> _Your instructions_:
Give back, exactly and with nothing else, the lines running from the one that contains "Модальные глаголы Презентация" to the end of the entries below; do not include pictures.

___ Extracted material

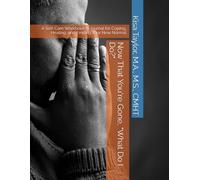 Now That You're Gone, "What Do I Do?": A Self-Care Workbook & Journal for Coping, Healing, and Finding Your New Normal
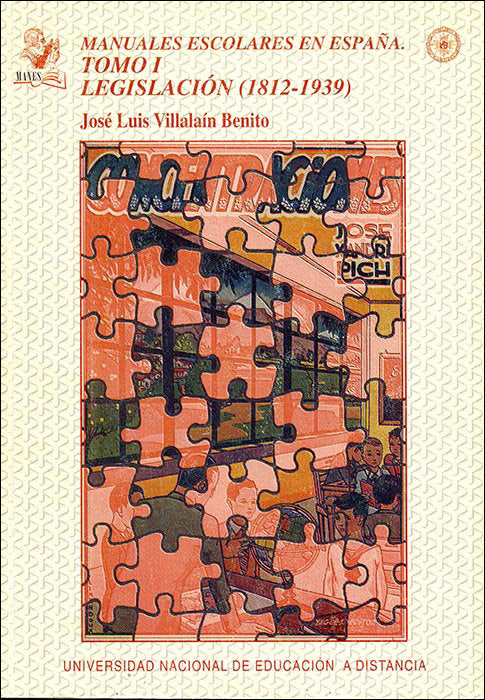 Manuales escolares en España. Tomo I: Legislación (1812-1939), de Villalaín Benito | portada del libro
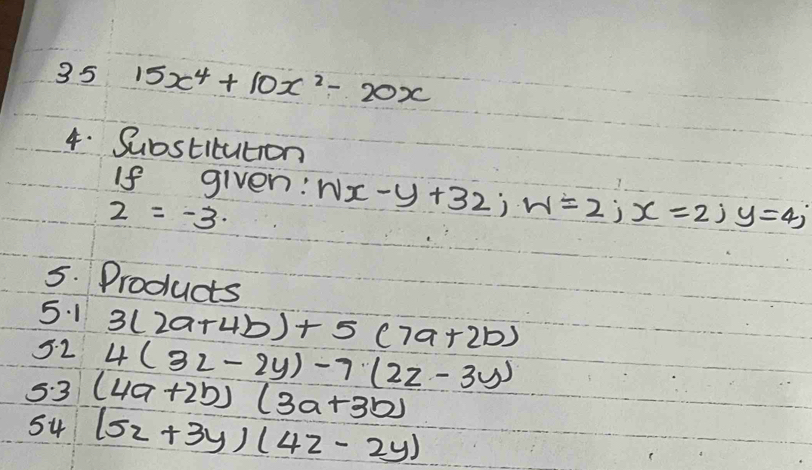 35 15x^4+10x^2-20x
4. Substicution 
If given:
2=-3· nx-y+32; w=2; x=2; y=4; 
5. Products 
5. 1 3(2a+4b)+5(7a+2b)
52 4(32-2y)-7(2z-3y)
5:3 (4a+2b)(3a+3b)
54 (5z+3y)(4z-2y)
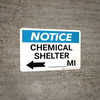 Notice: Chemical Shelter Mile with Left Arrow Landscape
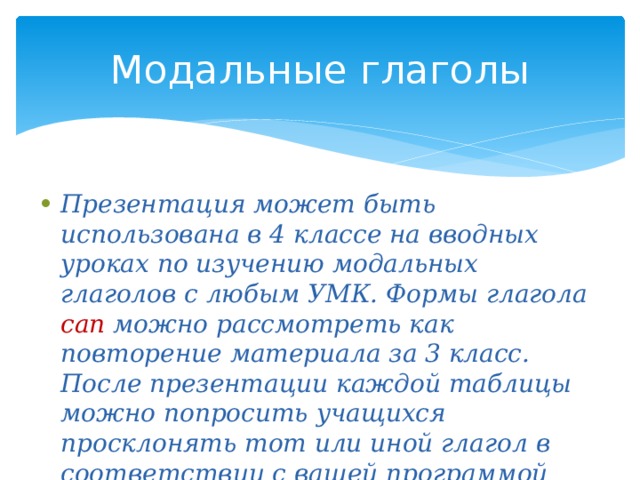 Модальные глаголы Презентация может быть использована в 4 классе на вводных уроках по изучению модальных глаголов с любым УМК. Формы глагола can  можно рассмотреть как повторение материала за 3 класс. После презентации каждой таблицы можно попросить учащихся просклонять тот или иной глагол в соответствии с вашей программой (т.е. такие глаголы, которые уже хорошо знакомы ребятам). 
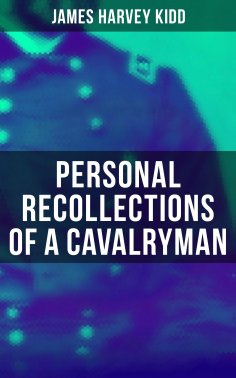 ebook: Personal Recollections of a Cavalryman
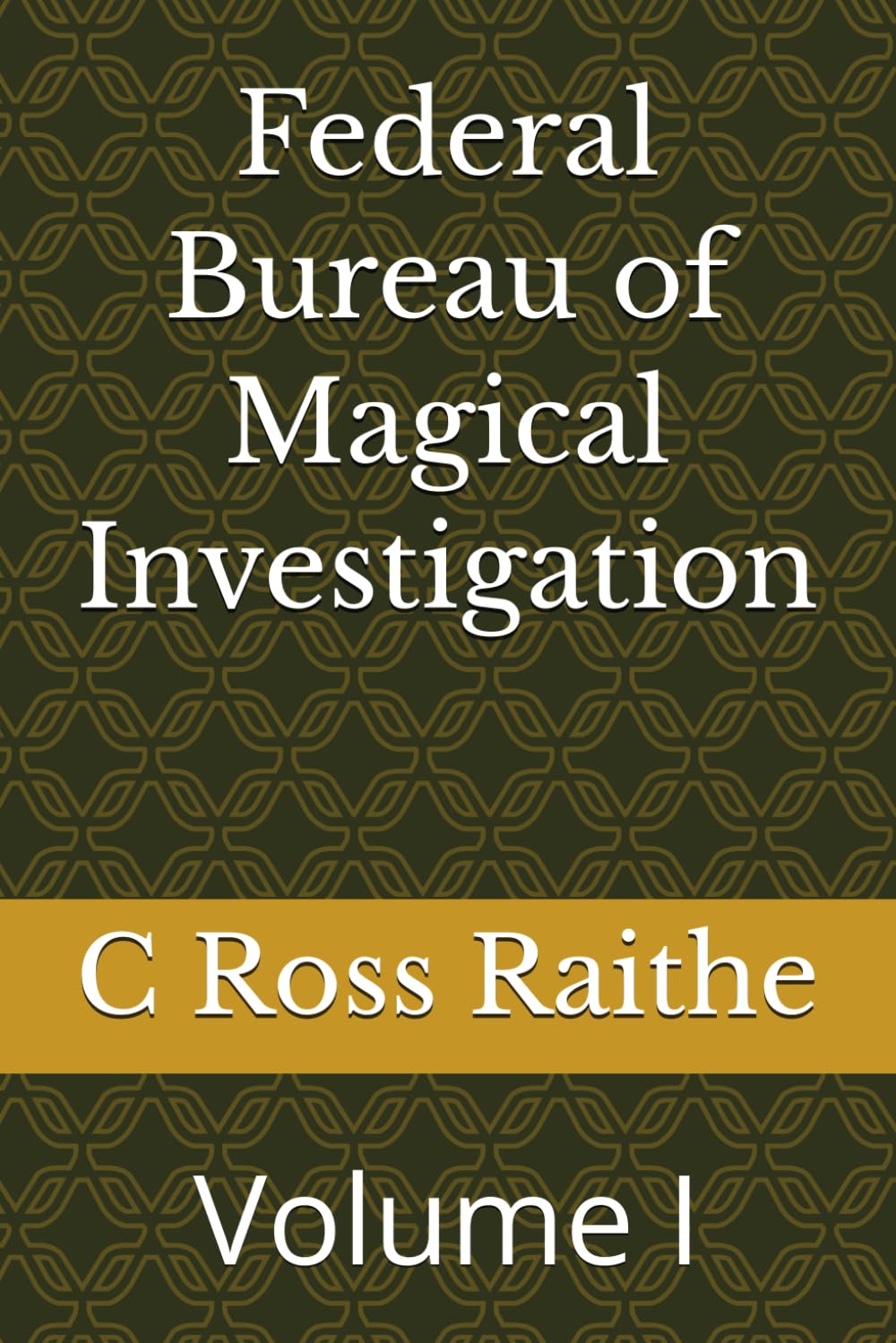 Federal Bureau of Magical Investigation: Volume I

______

> _Exercise solution_:
 Модальные глаголы Презентация может быть использована в 4 классе на вводных уроках по изучению модальных глаголов с любым УМК. Формы глагола can  можно рассмотреть как повторение материала за 3 класс. После презентации каждой таблицы можно попросить учащихся просклонять тот или иной глагол в соответствии с вашей программой (т.е. такие глаголы, которые уже хорошо знакомы ребятам). 
 ebook: Personal Recollections of a Cavalryman
 Federal Bureau of Magical Investigation: Volume I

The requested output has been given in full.